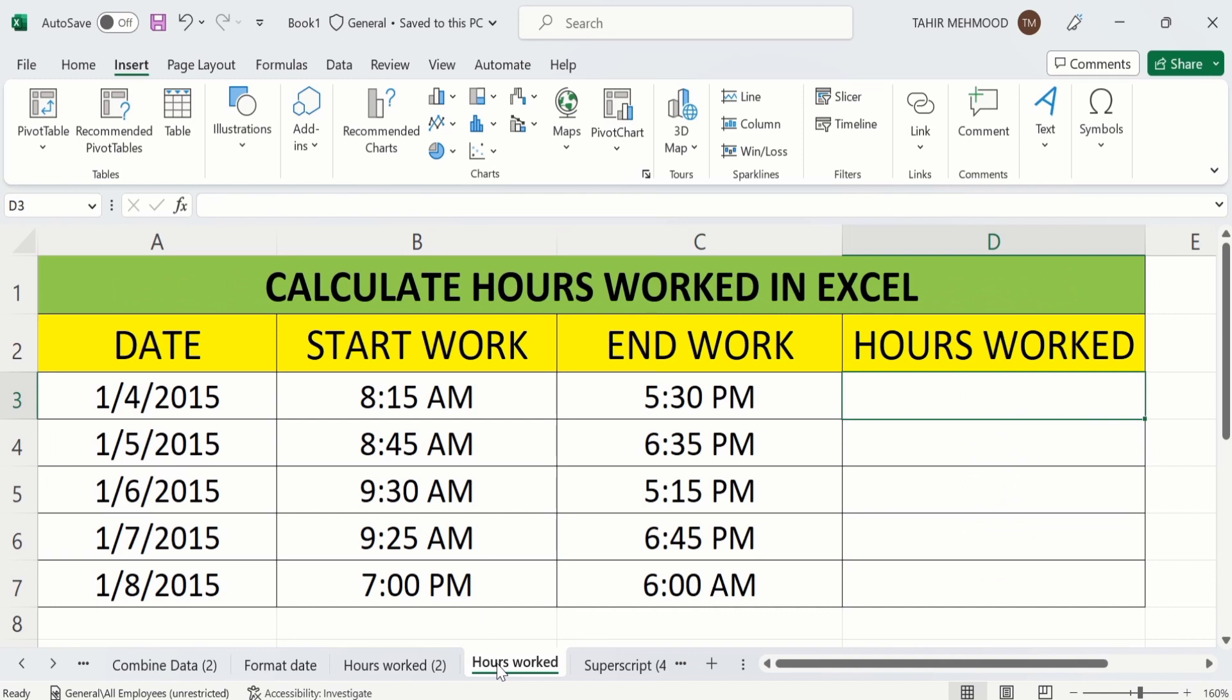In previous tutorial we have learned how to insert and format the time in Microsoft Excel. If you are not correctly formatted the time then Excel will not be able to calculate the hours worked. If you are interested to insert and format the time according to Microsoft Excel requirements then you can watch that tutorial.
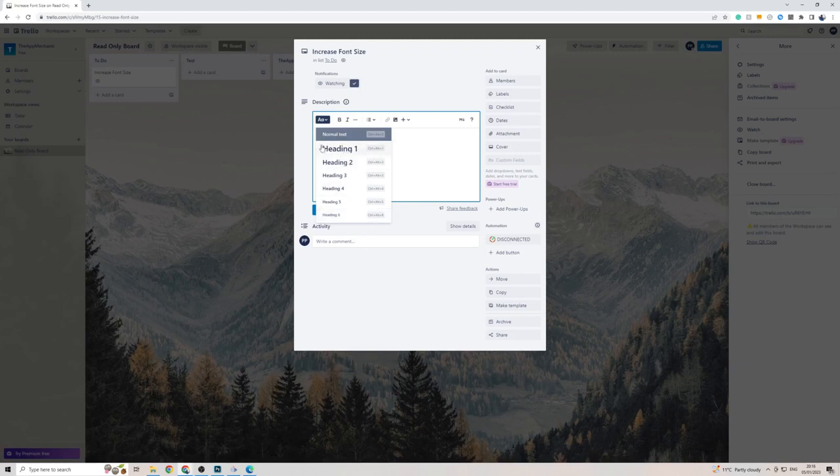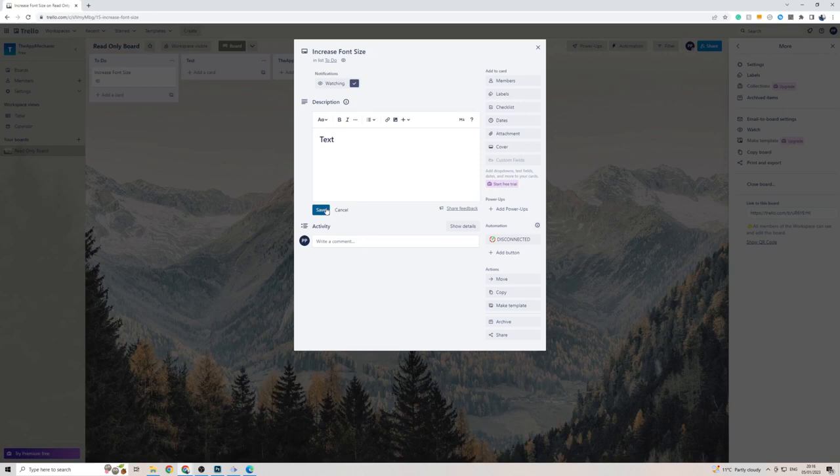Just to show you an example of what the largest heading will look like, it's like this. And that's pretty much it.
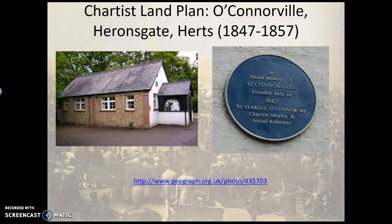That's a picture of Heronsgate — you can go and visit it. The Heritage Hub organised a visit to the cottages, which are still standing. If you live in the Rickmansworth or Watford area, do go and check out the Chartist village.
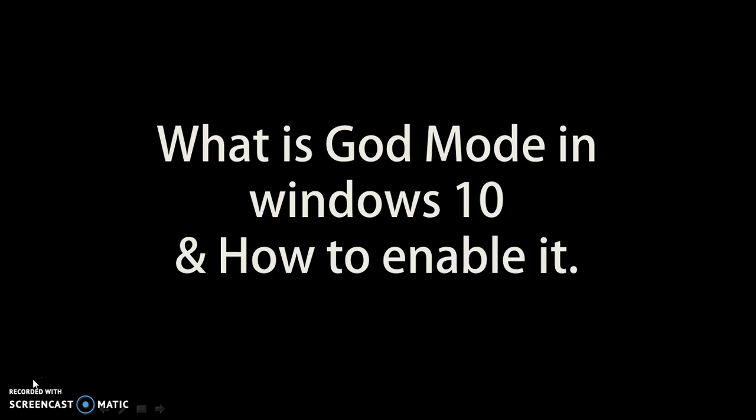What is God Mode in Windows 10? God Mode is a legendary folder in Windows 10 that gives you quick access to a ton of handy settings in one place.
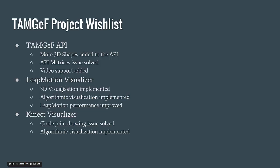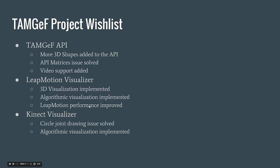For the Live Motion Visualizer, we would like to see 3D visualization implemented. We would like to see a 3D hand being drawn using the API on the Live Motion, which would be done using spheres and cubes. We would also like to see algorithmic visualization implemented, similar to what the multi-touch monitor has right now, and the Live Motion performance improved.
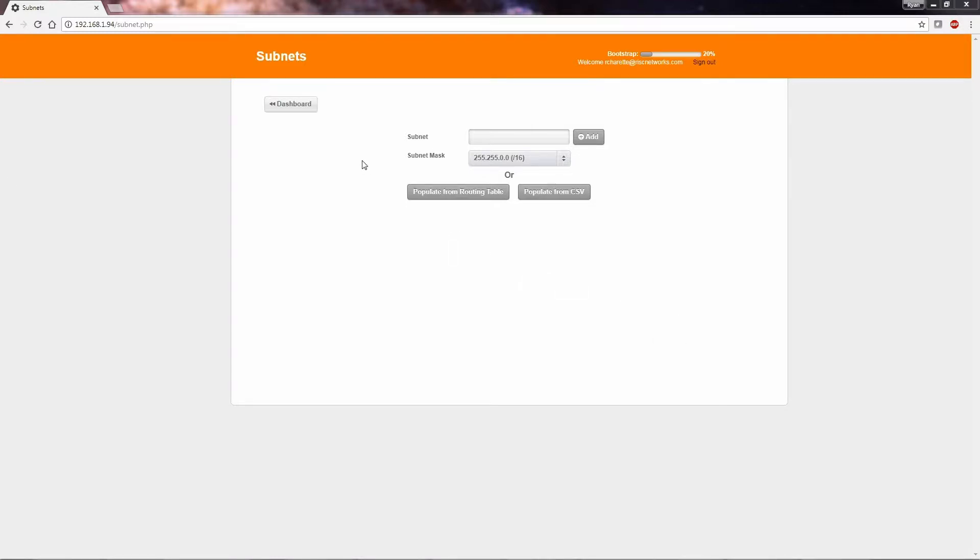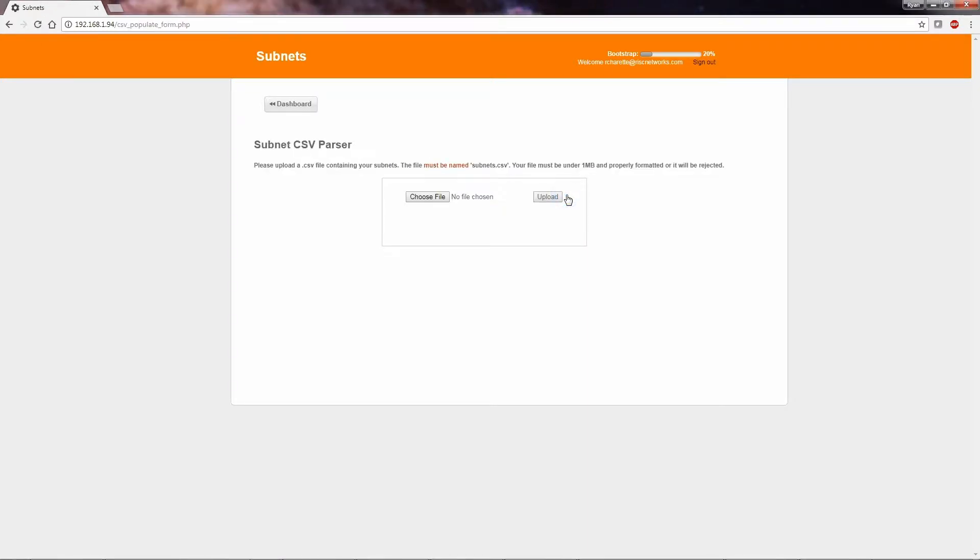You will select the subnet section in the dashboard of the RN150, select populate from CSV, browse to the file location, and then select upload.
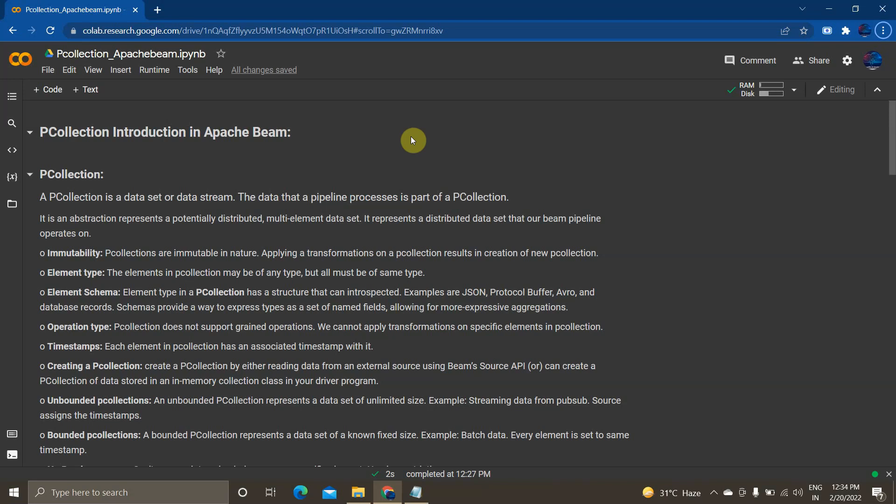Hey guys, I'm Vignesh and welcome back to my YouTube channel Cloud and AI Analytics. In today's video we are going to see one of the important topics called PCollection in Apache Beam.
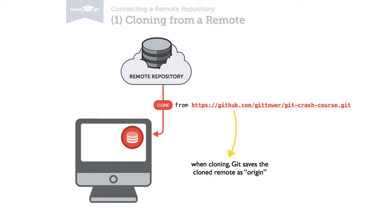Exactly as with the master branch, the name Origin for this remote is only a naming convention. It's just a normal remote repository connection like any other.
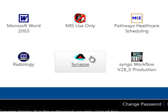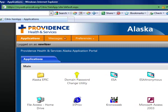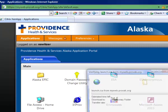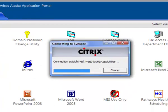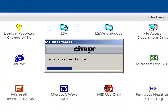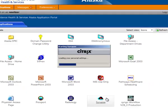Now click the Synapse icon once to launch the software. In a few seconds, depending on your internet connection speed, you will see this opening Synapse screen with several folder choices listed on the left side.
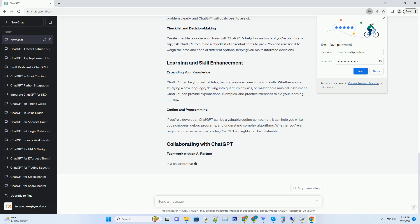Beyond content creation, ChatGPT can assist in solving complex problems. Whether you're working on a mathematical equation, debugging code, or even troubleshooting household appliances, ChatGPT can provide valuable insights and suggestions. Just present your problem clearly, and ChatGPT will do its best to assist.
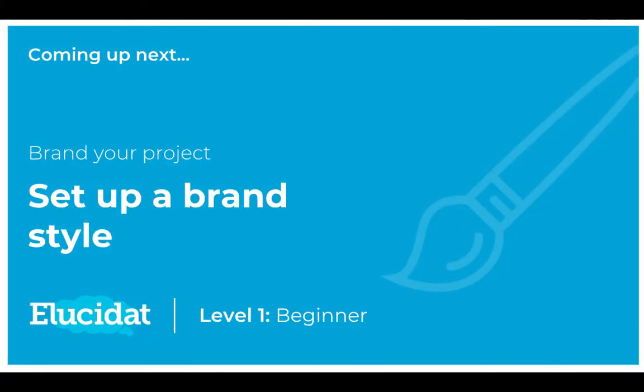Thanks for listening to this video. Coming up next is how to set a brand style. See you then!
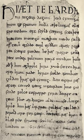The Canterbury Tales is a collection of stories in poetry and prose written in the London dialect of Middle English by Geoffrey Chaucer at the end of the 14th century.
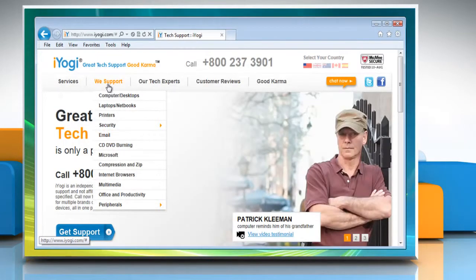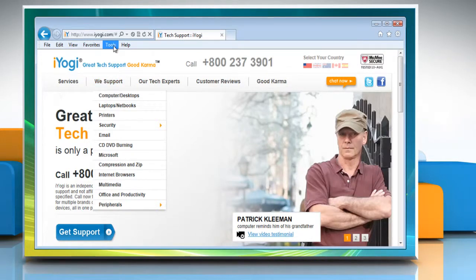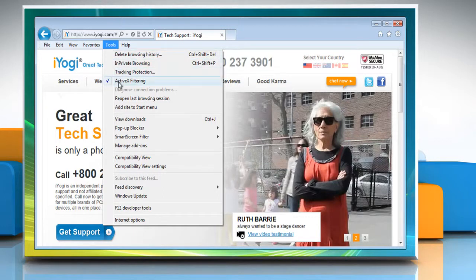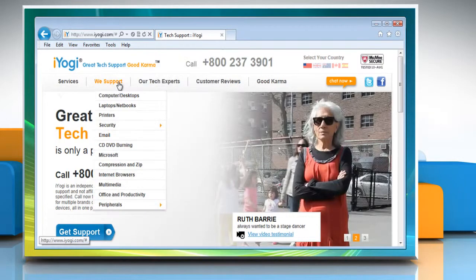To turn off ActiveX filtering on all websites, in Internet Explorer click the tools button and then click ActiveX filtering to clear the check.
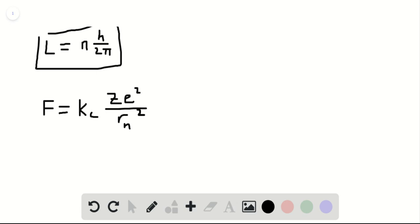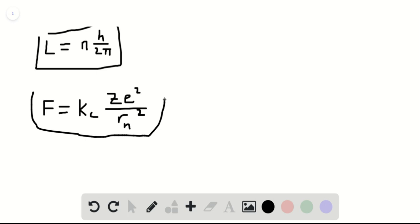Where kc is the proportionality constant, e is the charge of an electron, and Z is the atomic number. And rn is the radius of the nuclei, or at least the distance between the nucleus and the electron. So for part C, and actually this is also one of the answers.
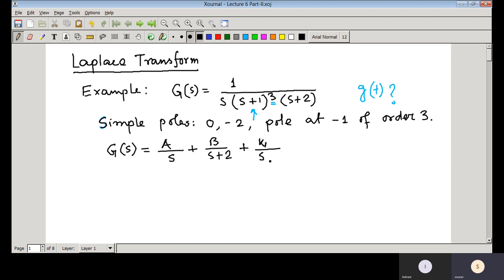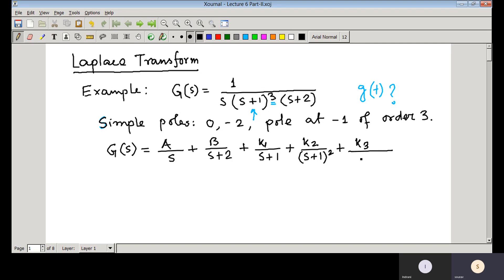The partial fraction form is: A/s + B/(s+2) + k1/(s+1) + k2/(s+1)² + k3/(s+1)³. Whenever you have a pole of higher order, this is how you write the partial fraction form — one term for each power up to the order of the pole.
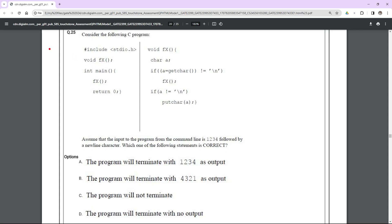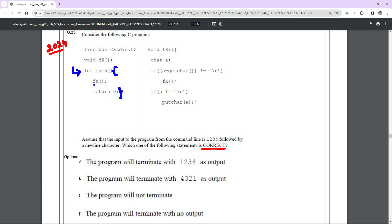Let's look at a C language question from 2024. They have given a few lines of C code and are asking which one of the following statements is correct. Every C program starts its execution from the main method, and the code inside main is executed in order. In the main method there are only two statements: one is an fx function call, and the other is return zero.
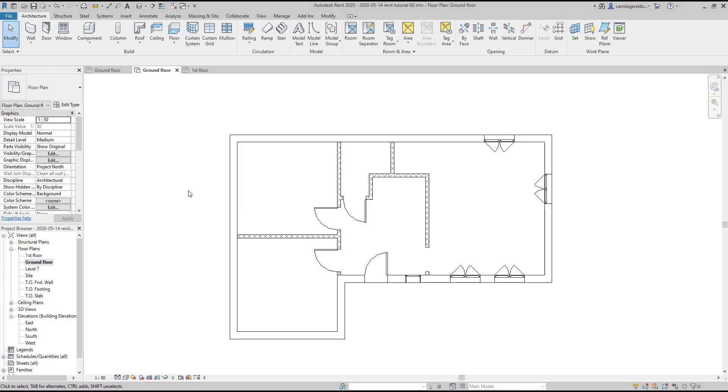Sections are not included in the default templates when we start a new project. I have to create them, but it's actually very simple.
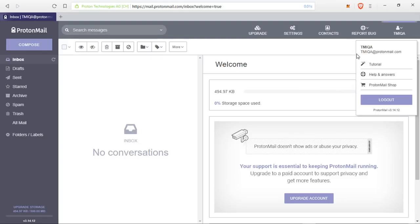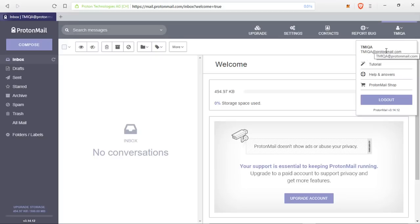TMI QA, question and answers, at protonmail.com. That is P-R-O-T-O-N-M-A-I-L dot com.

--------------------------------------------------

EXERCISE BRIEF: An acceptable answer holds exactly the lines from the one with "Let's look at" through the end of the entries above, both ends kept, and no pictures at all.

RESULT OF THIS TASK:
Let's look at a C language question from 2024. They have given a few lines of C code and are asking which one of the following statements is correct. Every C program starts its execution from the main method, and the code inside main is executed in order. In the main method there are only two statements: one is an fx function call, and the other is return zero.
Sections are not included in the default templates when we start a new project. I have to create them, but it's actually very simple.
TMI QA, question and answers, at protonmail.com. That is P-R-O-T-O-N-M-A-I-L dot com.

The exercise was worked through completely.